De vreemdeling heeft een nader stuk ingediend.
Vervolgens is het onderzoek gesloten.
Overwegingen
Inleiding
1. De vreemdeling is afkomstig uit China en behoort tot de Eastern Lightning Group, een religieuze groepering die volgens haar door de Chinese autoriteiten is aangemerkt als een 'evil cult'. Zij heeft aan haar asielaanvraag, voor zover thans van belang, ten grondslag gelegd dat zij bij terugkeer in China reeds wegens het behoren tot die groepering te vrezen heeft voor vervolging of een reëel risico loopt op een behandeling in strijd met artikel 3 van het EVRM. De staatssecretaris heeft zich op het standpunt gesteld dat de vreemdeling dit niet aannemelijk heeft gemaakt. Hij heeft hieraan ten grondslag gelegd dat evil cults de in het algemeen ambtsbericht van de minister van Buitenlandse Zaken inzake China van december 2012 (hierna: het ambtsbericht) genoemde niet-geregistreerde huiskerken zijn en dat niet eenieder die lid is van een huiskerk reeds wegens dat lidmaatschap in de negatieve belangstelling van de autoriteiten staat. De staatssecretaris heeft hierbij verwezen naar de uitspraak van de Afdeling van 4 maart 2016, ECLI:NL:RVS:2016:671. De rechtbank is de staatssecretaris in zijn standpunt gevolgd. In hoger beroep is aan de orde of het besluit zorgvuldig is voorbereid en deugdelijk is gemotiveerd. Grieven
2. In de grieven klaagt de vreemdeling onder meer dat, anders dan de rechtbank heeft overwogen, de staatssecretaris ondeugdelijk heeft gemotiveerd dat zij niet aannemelijk heeft gemaakt dat zij bij terugkeer in China reeds wegens het behoren tot de Eastern Lightning Group een gegronde vrees heeft voor vervolging of een reëel risico loopt op een behandeling in strijd met artikel 3 van het EVRM. Volgens de vreemdeling heeft de rechtbank niet onderkend dat de staatssecretaris aan dit standpunt ten onrechte ten grondslag heeft gelegd dat evil cults niet-geregistreerde huiskerken zijn. Zowel in het ambtsbericht als in de uitspraak van 4 maart 2016 wordt een onderscheid gemaakt tussen huiskerken en evil cults. Daarnaast is de staatssecretaris ten onrechte niet ingegaan op de in voormelde uitspraak aangehaalde stukken, waarnaar zij ter zitting bij de rechtbank heeft verwezen, en de door haar bij de zienswijze overgelegde brief van VluchtelingenWerk Nederland van 16 februari 2016 met bijlagen, aldus de vreemdeling.

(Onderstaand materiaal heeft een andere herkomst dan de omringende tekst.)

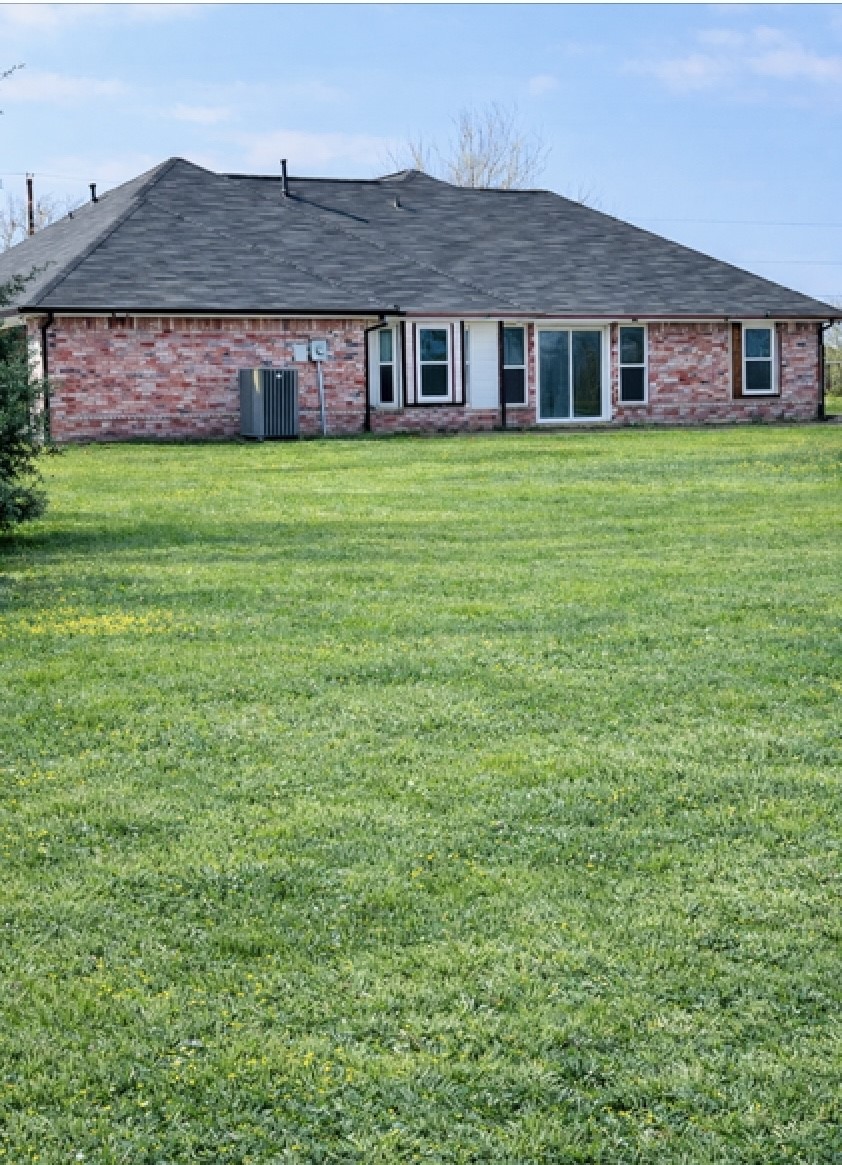 Property photo 02 of 990 Treehouse Lane Red, Oak, TX 75154 | MLS #21175188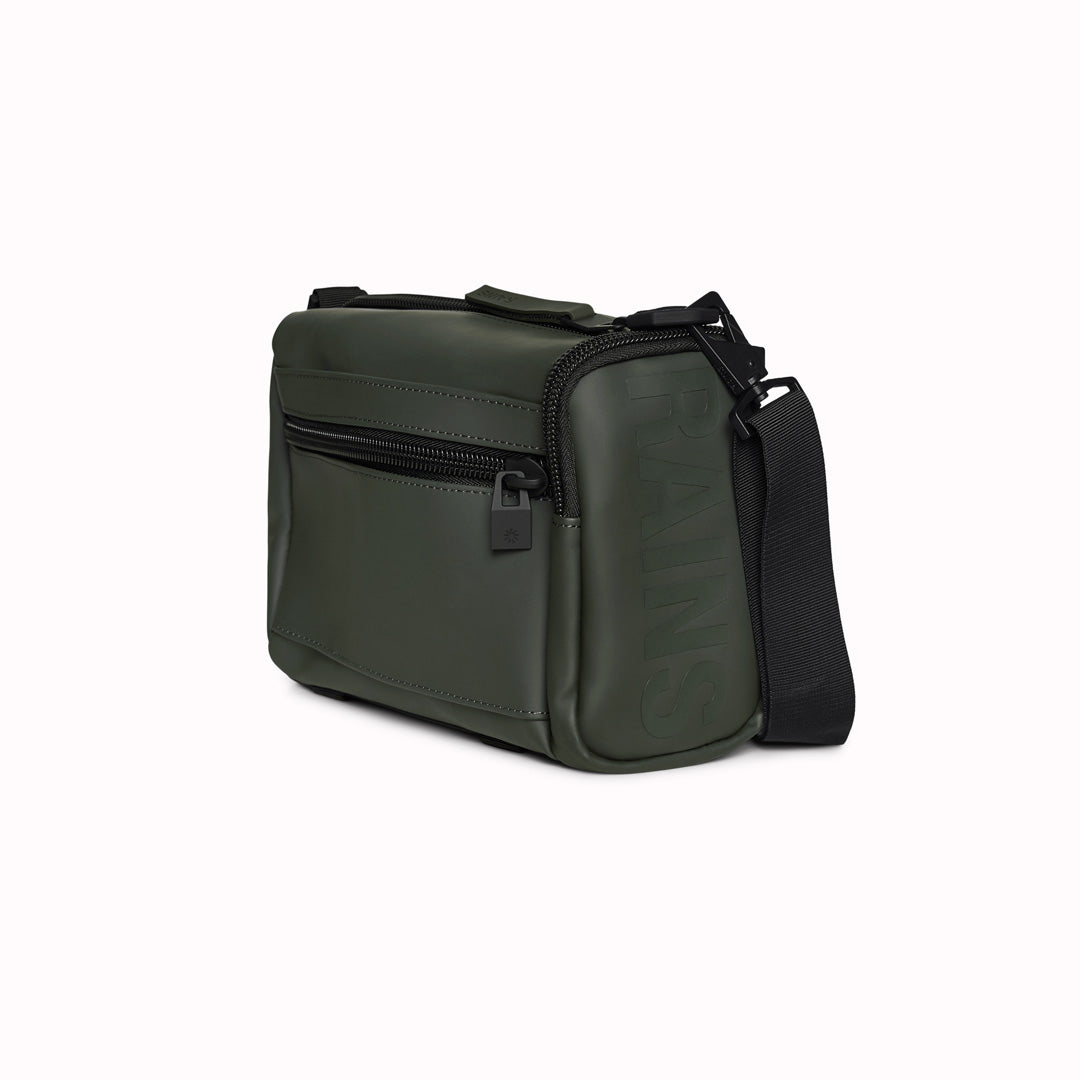 The Rains Texel Crossbody bag in green is a sleek and functional accessory designed for travel and everyday use. Crafted from Rains' signature waterproof matte-shell material, this bag offers durable protection against the elements.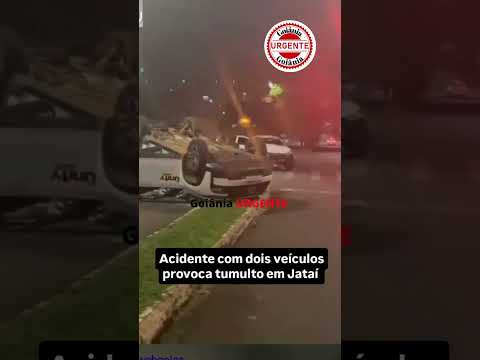 Picape Fiat capota após colisão com um Volkswagen modelo Saveiro, em Jataí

2.1. In het ambtsbericht staat, voor zover van belang:
"Niet-geregistreerde kerken
Sinds 1982 bestaat een verbod op niet-geregistreerde kerken. De mogelijkheid tot godsdienstbeoefening van niet-geregistreerde kerken is afhankelijk van de opstelling van de lokale autoriteiten en varieert per regio (in de provincies Jiangsu en Hunan bijvoorbeeld zijn de autoriteiten toleranter). Sommige kerkgemeenschappen kunnen openlijk in kerken bijeenkomen, andere kerkgemeenschappen veranderen continu van ontmoetingsplaats om ontdekking te voorkomen. Huiskerken worden soms gedoogd, als ze zich aan een aantal ongeschreven regels houden, vooral: niet te groot worden en geen buitenlanders toelaten. Ook een nederige houding tegenover de autoriteiten voorkomt soms problemen. Hoewel er meer ruimte lijkt te ontstaan in de Chinese samenleving voor religie, geldt dit niet voor niet-geregistreerde religies, met inbegrip van huiskerken." (bladzijde 34)
"Illegale sektes
In 1996 begon de Chinese overheid met het verbieden van groepen die zij aanduidde als evil cults. De leden van dergelijke groepen worden sindsdien vervolgd op basis van artikel 300 van de strafwet. Op grond van dit artikel kunnen sekteleden tot zeven jaar gevangenisstraf krijgen wegens het verstoren van de publieke orde of het uitdelen van publicaties.
[…]
Van de volgende religieuze bewegingen is bekend dat zij tot illegale sektes zijn verklaard: […] Eastern Lightning […]"(bladzijde 35)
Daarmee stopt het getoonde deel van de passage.